今年も、4月・5月期の一大イベントともいえる組合の総会シーズンが終わった。満を持した役員構成で、決意も新たに船出した組合も多いことと思われるが、組織や事業など随所に刷新を図り、難局に立ち向かってほしい。

本会においても今期、役員の任期満了を迎え、恒例により各組合の総会の山を越した5月30日、静岡市で通常総会を開催した。多くの会員、また日頃多大なご支援を頂いている県・各市をはじめとする行政・関係機関の皆様に錦上華を添えて頂き、盛大に挙行できたことを心からお礼申し上げたい。

今回の役員改選では、私自身、会員各位の推薦により老骨に鞭打ちさらに続投をすることとなったが、長年勤めた専務理事の勇退に伴い、事務局内部から新たに2名の常勤役員を起用することになった。選任された46名の役員体制のもと、ニーズに即応する実務集団としての機能を確保しつつ、あらゆる中小企業が抱える諸問題に対処して弛むことなく前進していきたいと考えている。

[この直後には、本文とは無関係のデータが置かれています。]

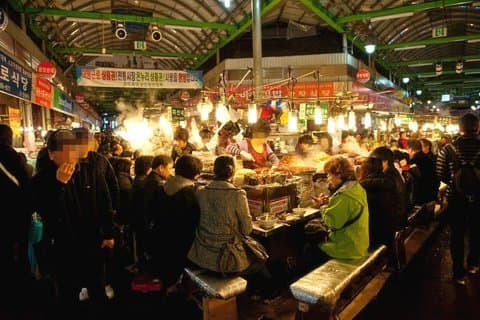 Privat K-Food Walking Tour inklusive besök i Dongdaemun District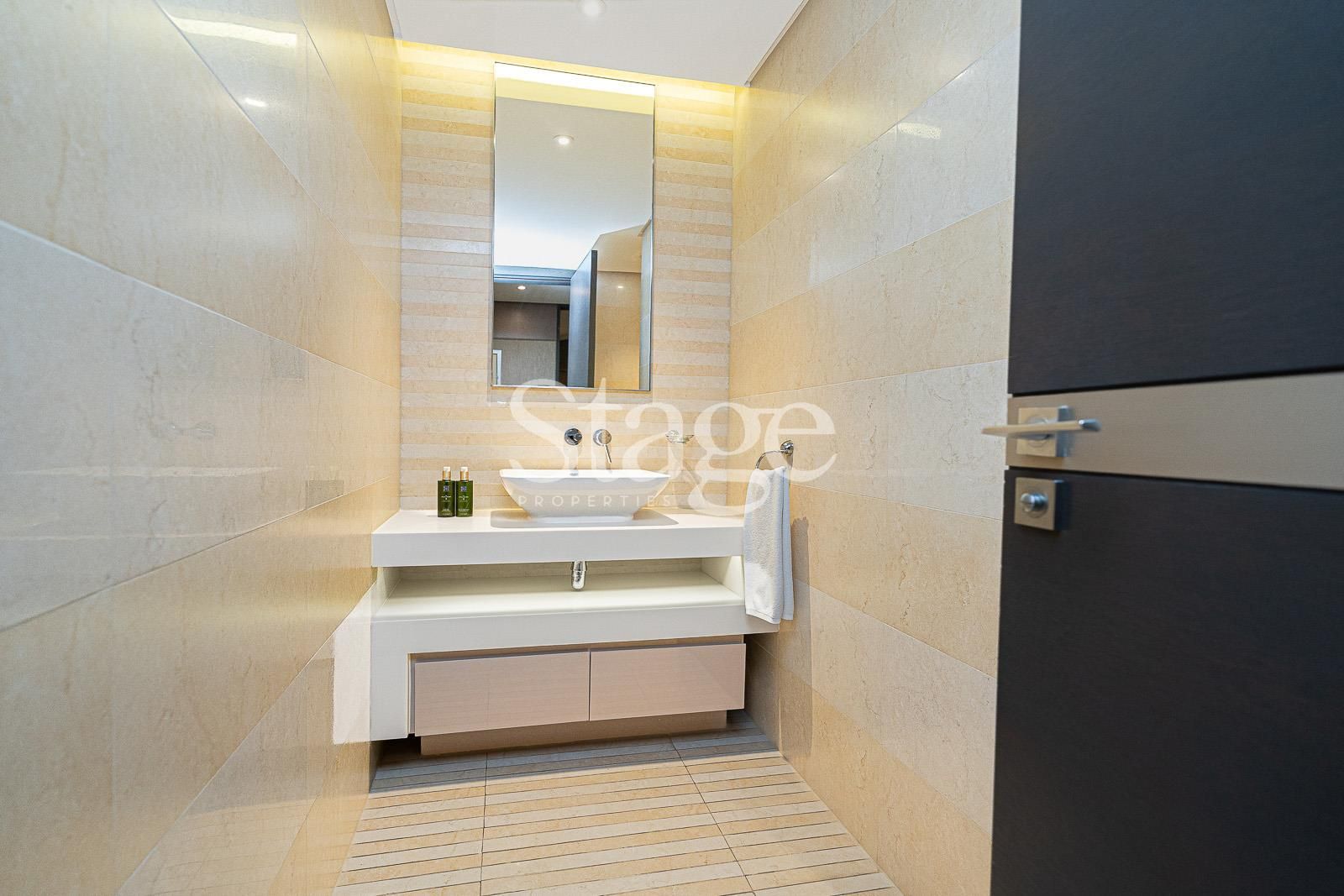 1 bedroom apartment for Rent in Dubai Healthcare City, Dubai AP7416L
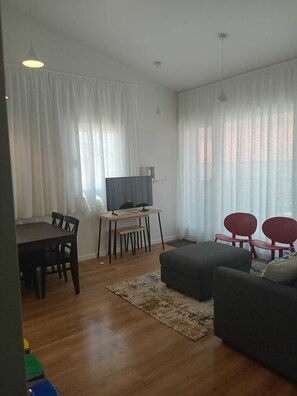 Living area - Sky Dream Apartment (Ponta Delgada)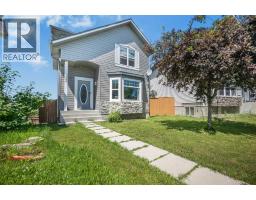 43 Covington Close NE - photo 1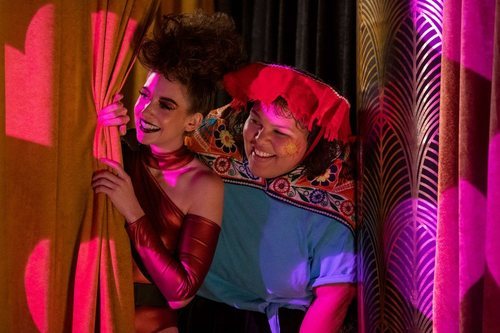 Ruth y Carmen miran entre bambalinas su espectáculo en la tercera temporada de 'GLOW'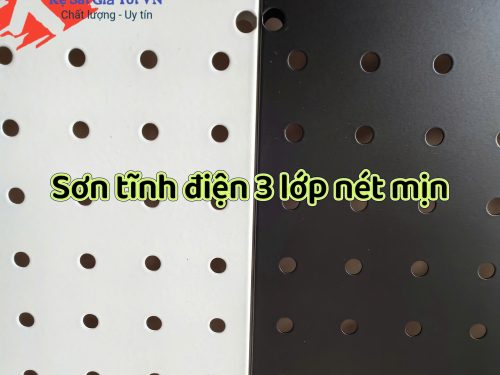 Tấm tôn đục lỗ cài móc treo phụ kiện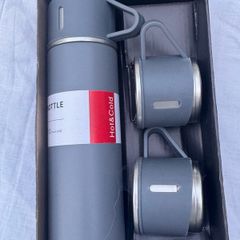 thermos with cups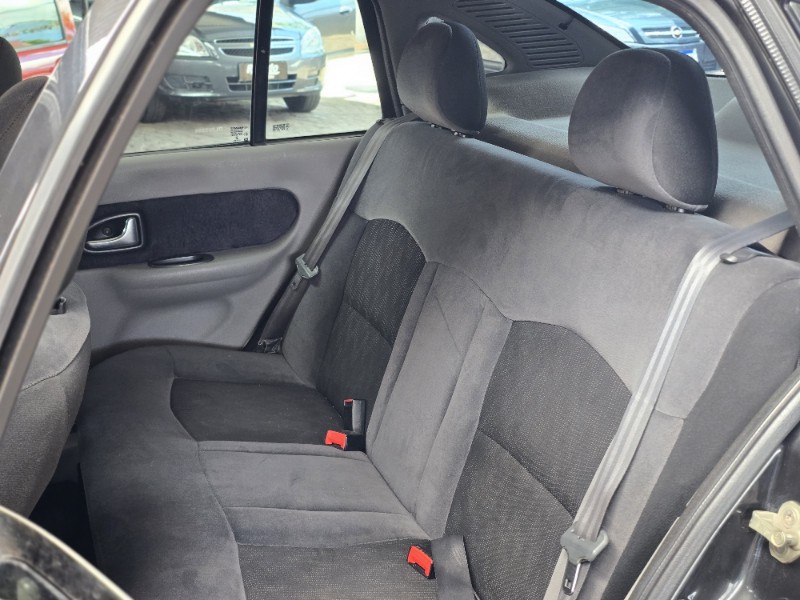 RENAULT SYMBOL PRIVILEGE 1.6 2013/2013 RICARDO VEÍCULOS TEUTÔNIA / Carros no Vale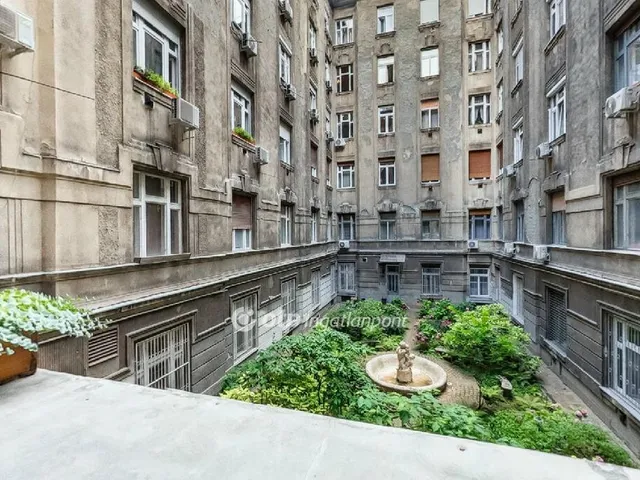 Eladó lakás Budapest IX. kerület 104 nm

ところでこの春、日本は大手企業を中心として好決算に沸いた。多くが18年度も増益を見込むが、その再点検を余儀なくされる事態が進行している。ひとつが、昨年から続いている原油価格の急騰である。石油販売業界における努力にも関わらず、この1年で軽油やガソリンの小売価格はリッターあたり10円前後、また重油については5割以上の値上げとなった。各方面に与える影響は極めて深刻で、運送業界では輸送費に占める割合が20パーセントを超え、過当競争から運賃に転嫁できない死活問題に発展。また、足元の地場産業などでは、高齢化・後継者難に加え燃料費の負担増は一段と経営を圧迫していく。国内景気は引き続き回復基調、と政府筋は今後を見通すが、すでに現場では設備投資への手控え感が色濃く出はじめている。

しかし、ここで敢えて悲観論は言うまい。いつの時代にあっても逆境を克服し、新たな時代を切り拓いてきたのが中小企業である。それは団結と挑戦の歴史でもある。その拠り所となる組合、そして連携組織の限りない可能性を追求し、各位が更に力強い一歩を踏み出していくことを切に願うものである。